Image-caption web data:
*** Block opens ***

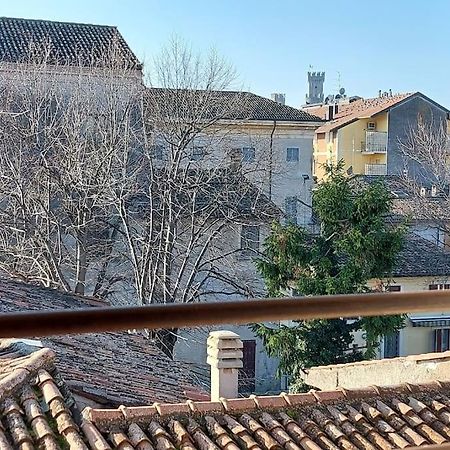 Sui Tetti Di Valeggio - Holiday Apartment Валеджо-суль-Мінчо Екстер'єр фото
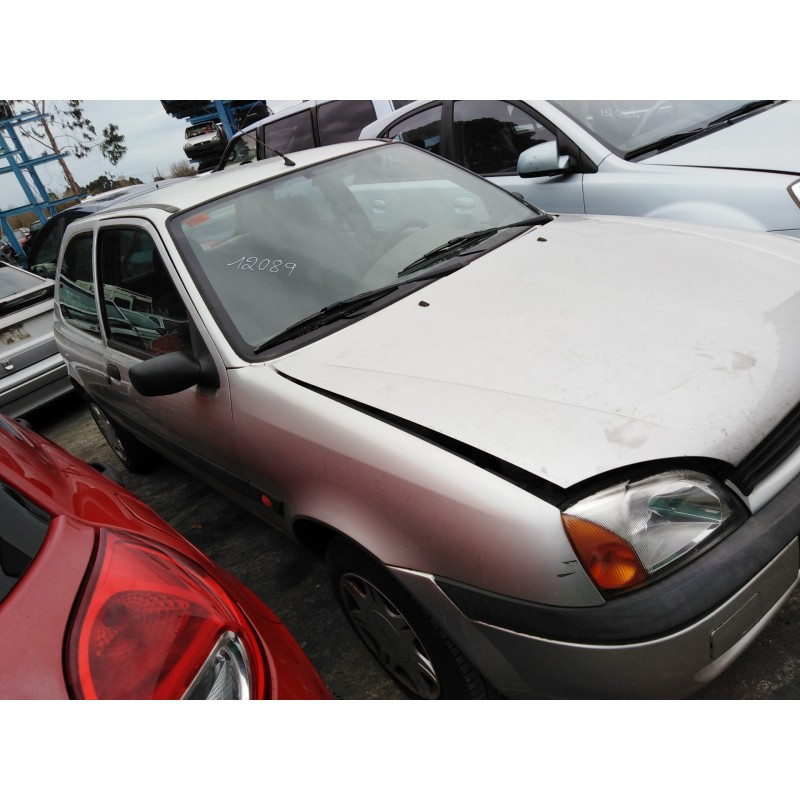 ford fiesta berlina (dx) del año 2000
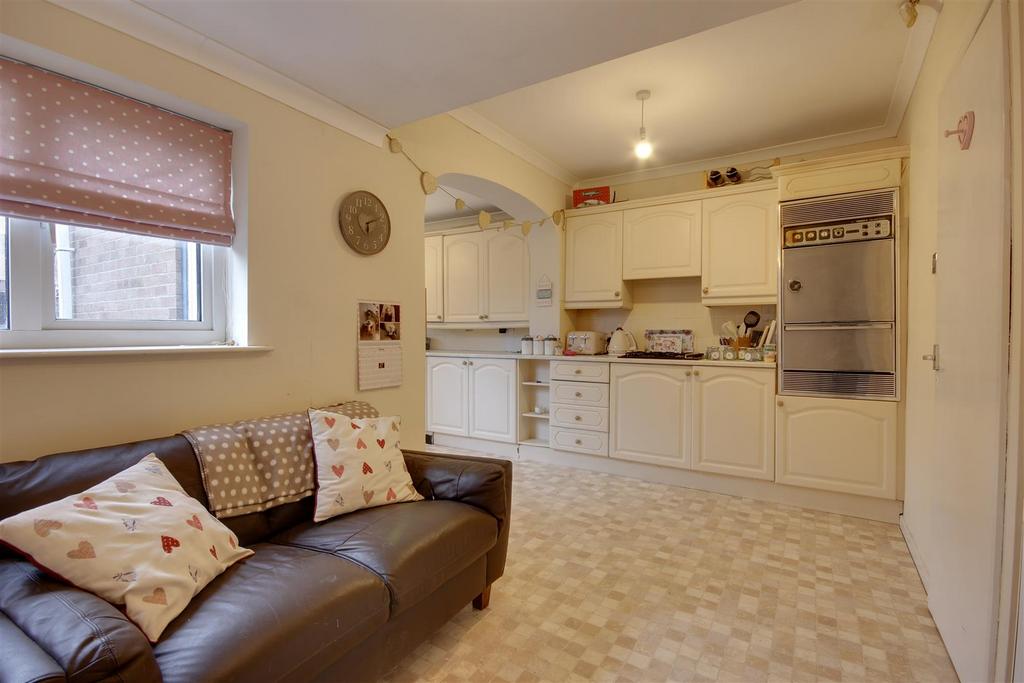 Living/Dining Area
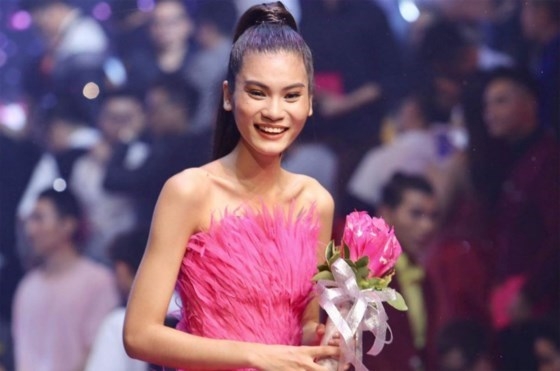 Kim Dung wins Vietnam’s Next Top Model 2017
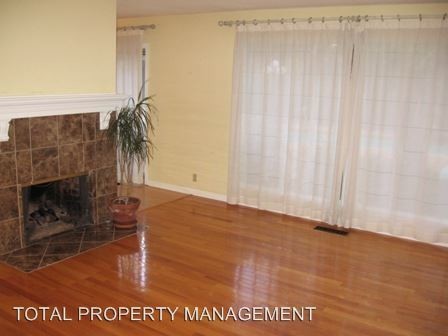 Foto del edificio - 3 br, 3 bath House - 5536 FERN DR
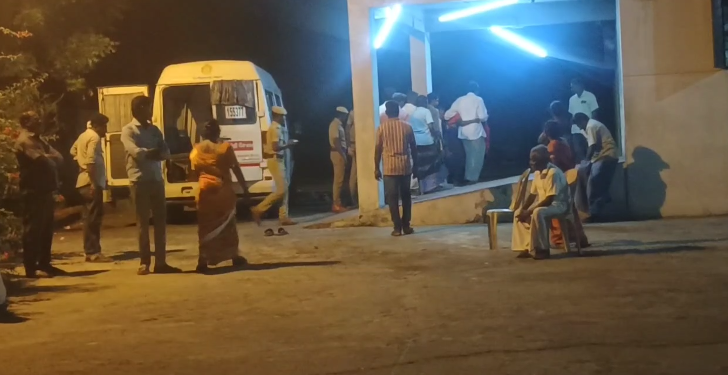 விழுப்புரம் நகராட்சி கூட்டத்தில் உதயநிதி ஸ்டாலின் படத்திற்கு எதிர்ப்பு – அதிமுக, காங்கிரஸ் உறுப்பினர்கள் அமளி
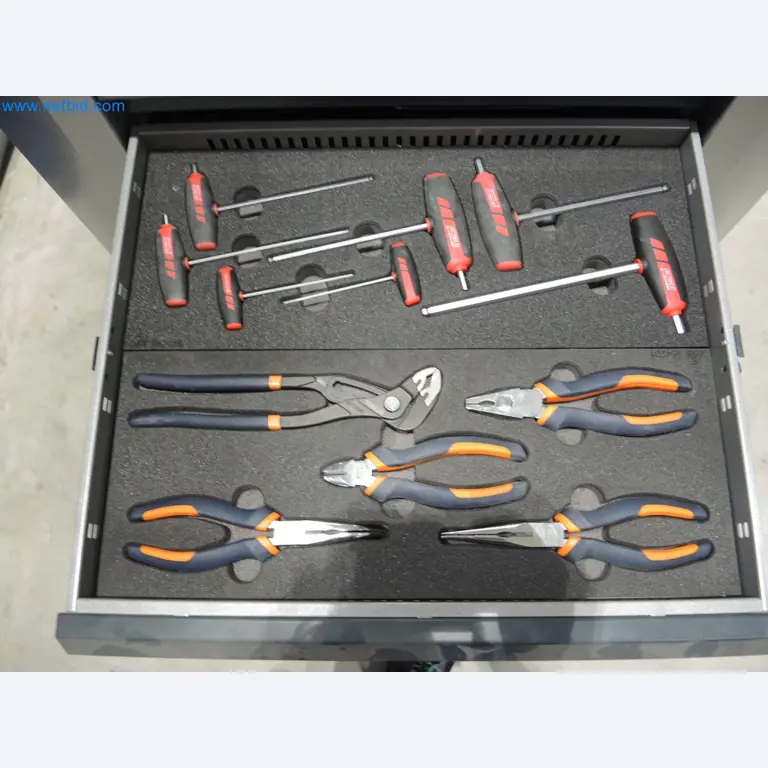 State-of-the-art production facilities for technical ceramics and PTC heating elements-4
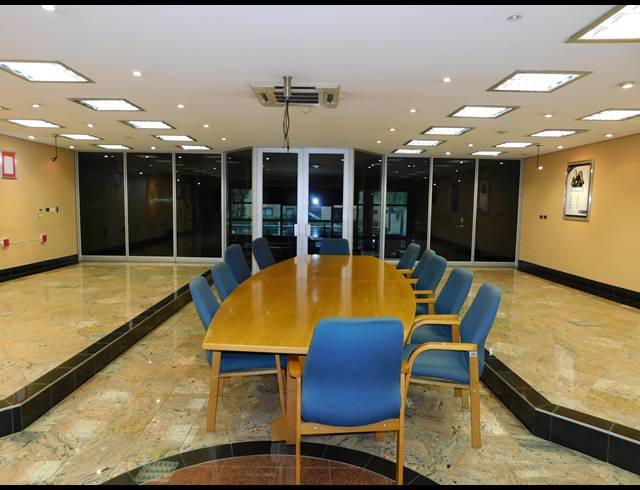 5,047M² OFFICE FOR SALE IN FERNDALE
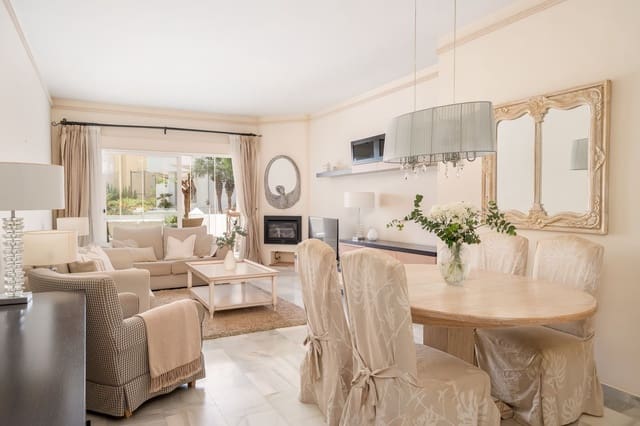 Apartamento de 3 habitaciones en La Cala de Mijas, Mijas en venta - 949.000 € (Ref: 9910702)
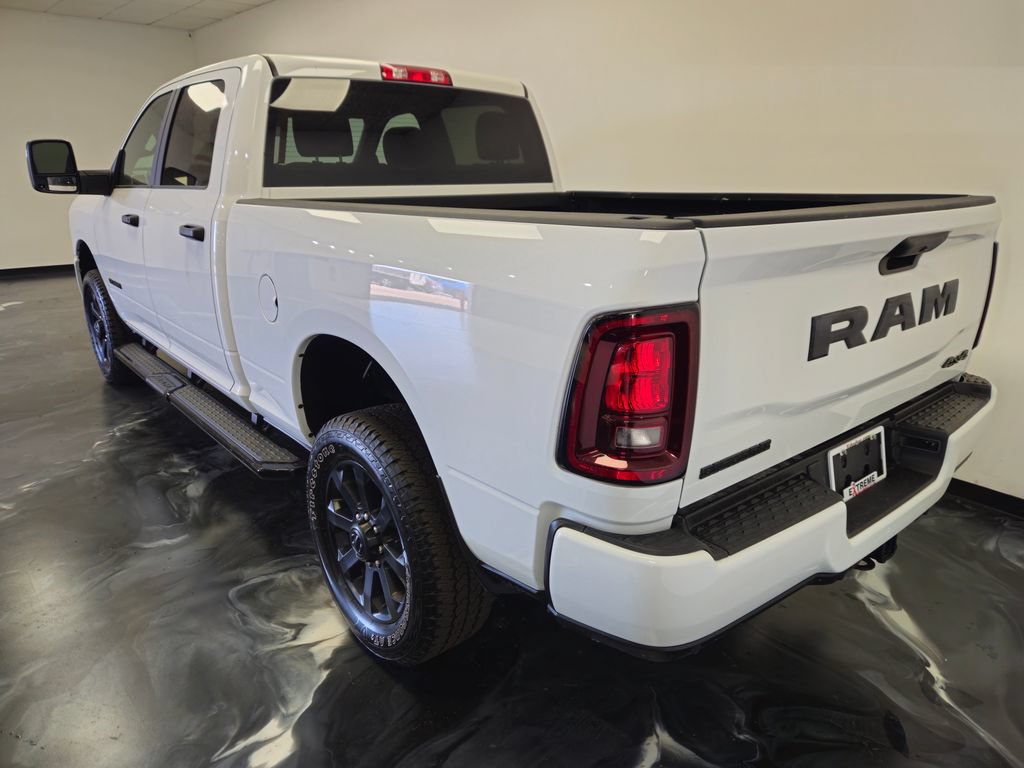 Used 2025 RAM 2500 Big Horn AWD/4WD image 6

*** Block closes ***

● **TASK PROMPT**: Only the lines from the one containing "State-of-the-art production facilities" through the last line of the entries, both included, should be repeated exactly, and the pictures should be left out.

● **TASK SOLUTION**:
 State-of-the-art production facilities for technical ceramics and PTC heating elements-4
 5,047M² OFFICE FOR SALE IN FERNDALE
 Apartamento de 3 habitaciones en La Cala de Mijas, Mijas en venta - 949.000 € (Ref: 9910702)
 Used 2025 RAM 2500 Big Horn AWD/4WD image 6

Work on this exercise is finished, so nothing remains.